With poll workers facing enormous scrutiny, Georgia is deploying a new tool to help keep them safe

Wandrea "Shaye" Moss, a former Georgia election worker, testifies as he mother, Ruby Freeman listens, as the House select committee investigating the Jan. 6 attack on the U.S. Capitol continues to reveal its findings of a year-long investigation, at the Capitol in Washington, Tuesday, June 21, 2022. (Michael Reynolds/Pool Photo via AP)

Tight elections and baseless conspiracy theories mean election workers are facing enormous scrutiny, so the Georgia Secretary of State’s office is introducing a text-messaging application to help election workers flag threats. 

After the 2020 election, Fulton County election worker Shaye Moss said she no longer felt comfortable giving out her business card or even going to the grocery store. 

For weeks, Rudy Giuliani, then-President Donald Trump’s personal lawyer, spread lies about widespread election fraud in Georgia. Those lies entangled Moss, who became the target of a barrage of violent threats.

“If I would have never decided to be an elections worker, I could have done anything else, but that’s what I decided to do,” Moss told the Congressional panel investigating the January 6th insurrection. “And now, people are spreading rumors and lies and attacking my mom.”

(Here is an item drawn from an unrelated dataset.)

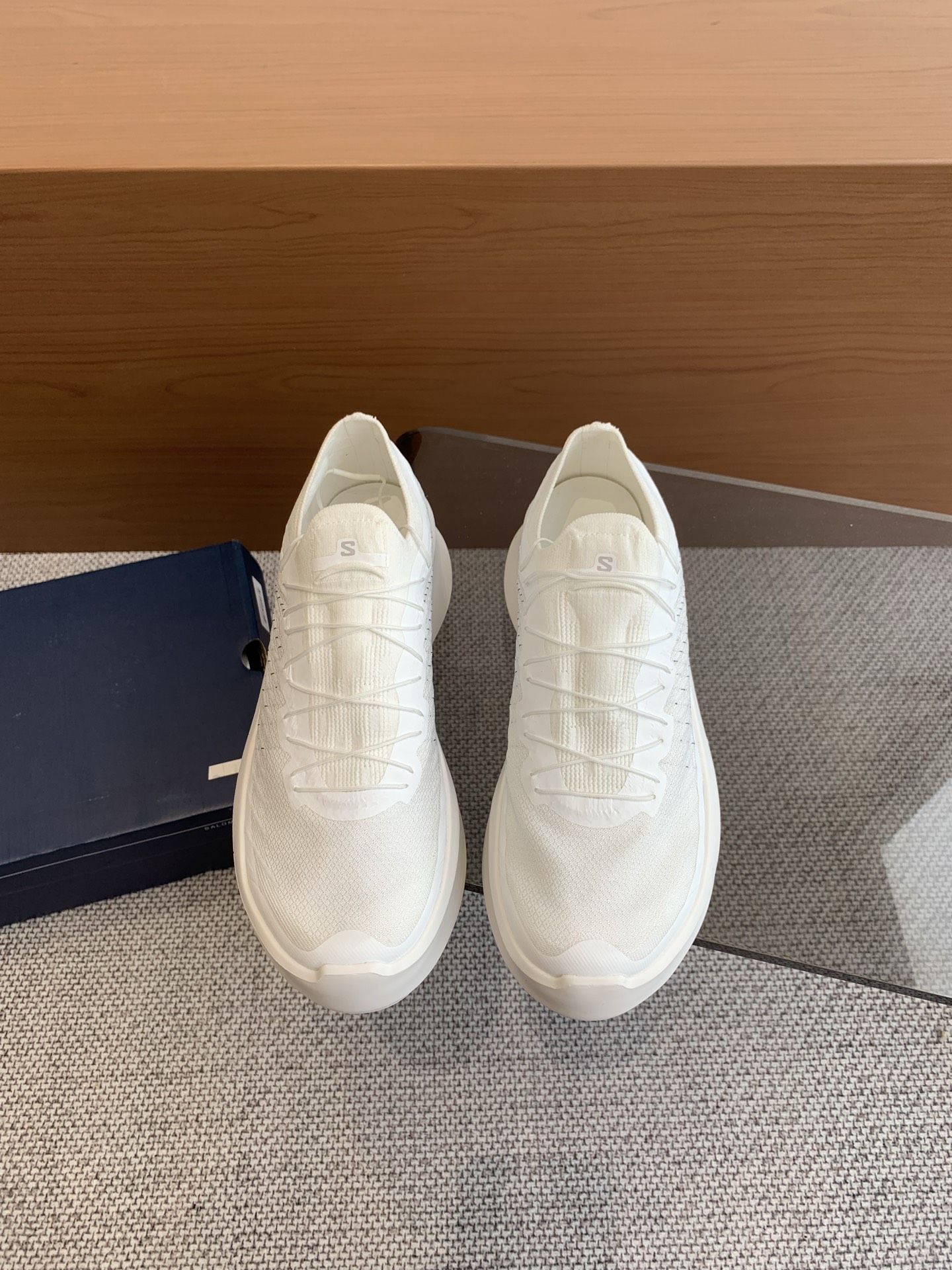 NO:257946,CDG x SALOMON Thick-soled high-height casual sneakers Black and white simple color matching The brand words on the shoe also reflect the minimalist design style. The shoes are versatile and high-height. In terms of foot feel, they are as comfortable and light as ever. Fabric. Original custom imported technology fabric. Inner. Original imported breathable net. Outsole. Original mold opening ultra-light foaming material. Size: 35-40. Casual shoes/sports shoes. Dolce&Gabbana, sneakers.19860909CDG x SALOMON萨洛蒙 厚底增高休闲运动鞋 黑白简约配色 鞋身上的品牌字样也体现出极简主义的设计风格 鞋子百搭增高 脚感方面,一如既往的舒适轻便 面料 原版定制进口科技面料 内里 原版进口透气网里 大底 原版开模超轻发泡材 码数: 35-40,休闲鞋/运动鞋,Dolce&Gabbana,sneakers,Women's Shoes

Moss’s story is an extreme example, but the U.S. Justice Department says election workers in states with closely contested elections like Georgia have been more likely to face threats.

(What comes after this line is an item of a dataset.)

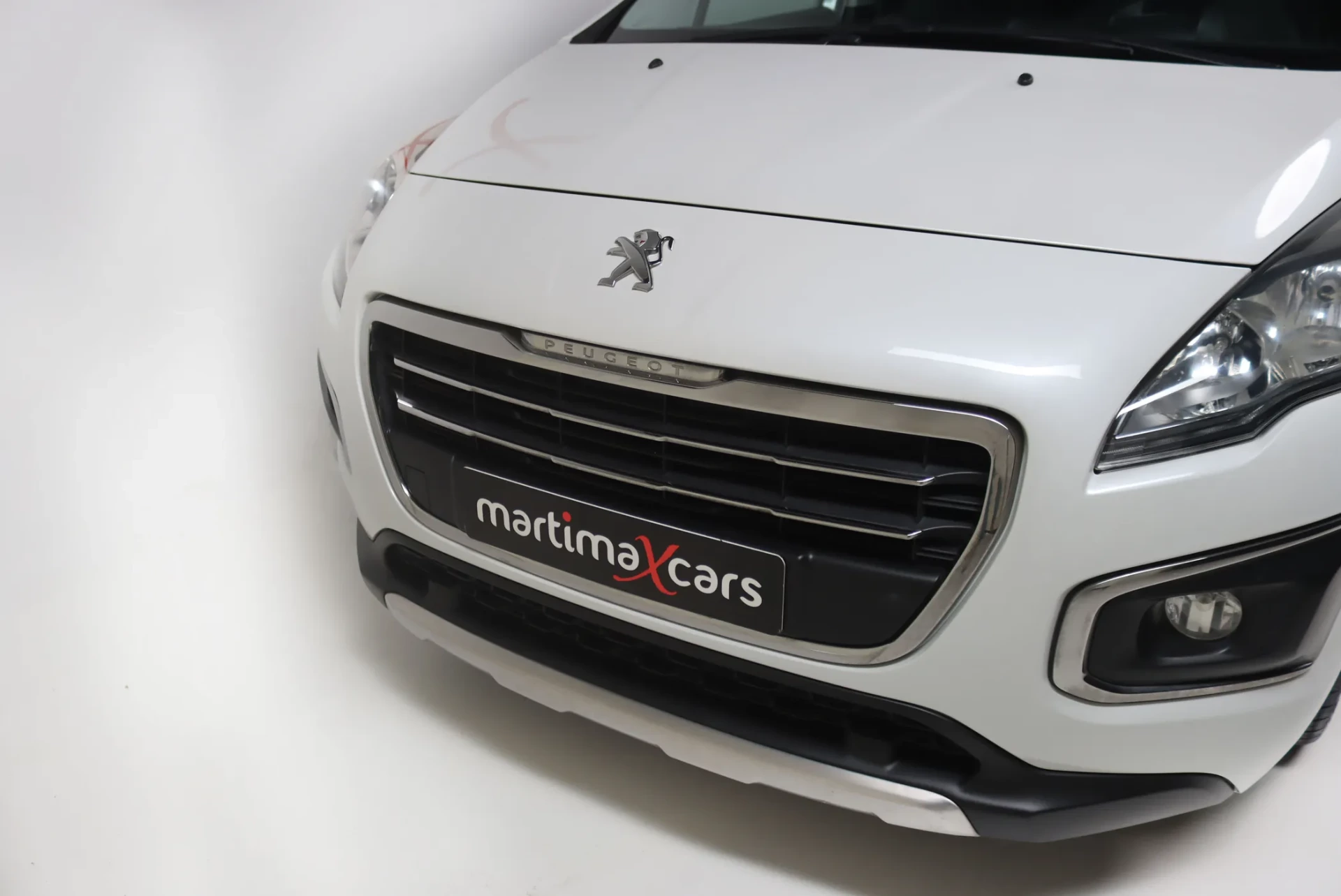 Peugeot 3008 1.6 BlueHDi Style EAT6 4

“Are the people here, who are using heated rhetoric, yes, but their reach isn’t as broad as you know, the president two years ago,” says Gabe Sterling, with the Georgia Secretary of State’s office.

Sterling says the climate in Georgia does not feel as tense now as it did after the 2020 election – at least not compared to other states like Nevada and Arizona where prominent candidates are running on false claims that the 2020 election was stolen from Trump. But he says the text-messaging app for poll workers is one new way election officials are preparing for whatever happens.

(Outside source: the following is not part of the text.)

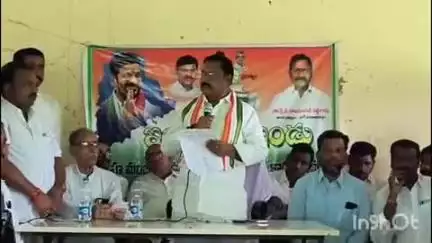 పరిగి: పేదవారి కలలను నెరవేర్చడమే ఇందిరమ్మ ప్రభుత్వ లక్ష్యం:మరికల్ గ్రామంలో ఇండ్ల ప్రోసిడింగ్ల పంపిణీలో MLA రామ్మోహన్ రెడ్డి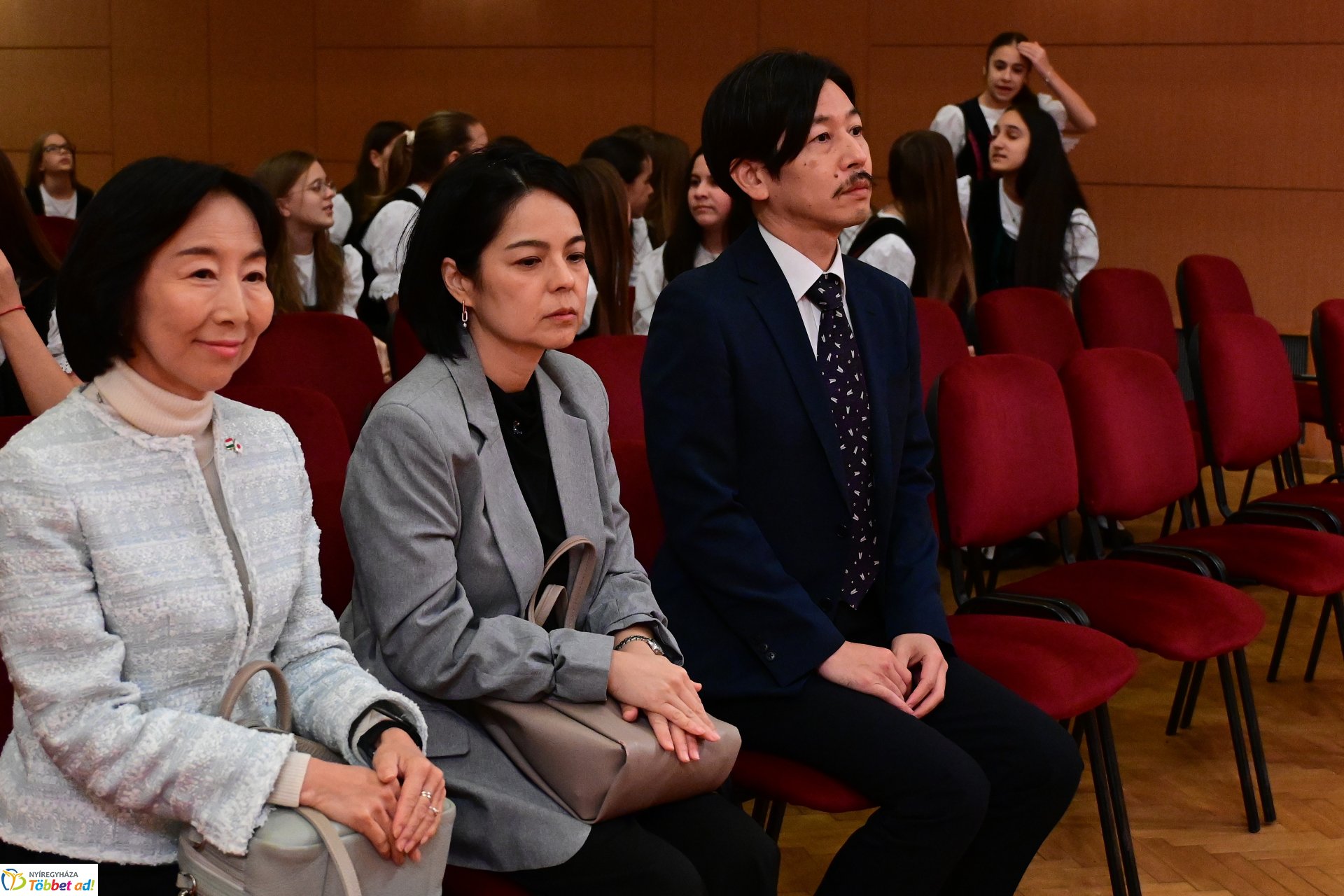 Japán nagykövet látogatása a Cantemus Kórusnál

“The problem is, in this environment, it’s hard for a poll manager to discern someone who’s generally upset or someone who’s there to cause problems,” he says.

Deb Cox, the elections supervisor in Lowndes County, says the text system is set up to alert her office, the Secretary of State’s office and the local sheriff.

“It’ll make the poll workers feel better, too,” she says. “Because there’s a little bit of anxiety out there, looking across the United States, with some of the incidents that have occurred. So that allays some of their anxiety as well knowing they’ll have something that will get an instant response.”

Election officials and experts acknowledge that a safety app is just one tool. What it won’t fix is disinformation and a political climate that spurred hostility toward election workers in the first place. 

Jennifer Morrell, a former election official who now serves on the National Task Force on Election Crises, says many veteran election officials have left the profession, and those who remain have had to devote energy to defending the integrity of the last election while trying to plan for the current one. She is also monitoring efforts to recruit election conspiracy theorists to serve as partisan poll watchers.

“My fear is that an innocent mistake or even something more normal, like long lines or the delayed opening of a polling location or a longer than expected time to report election results, will somehow be used to further undermine the work of these election professionals,” she says.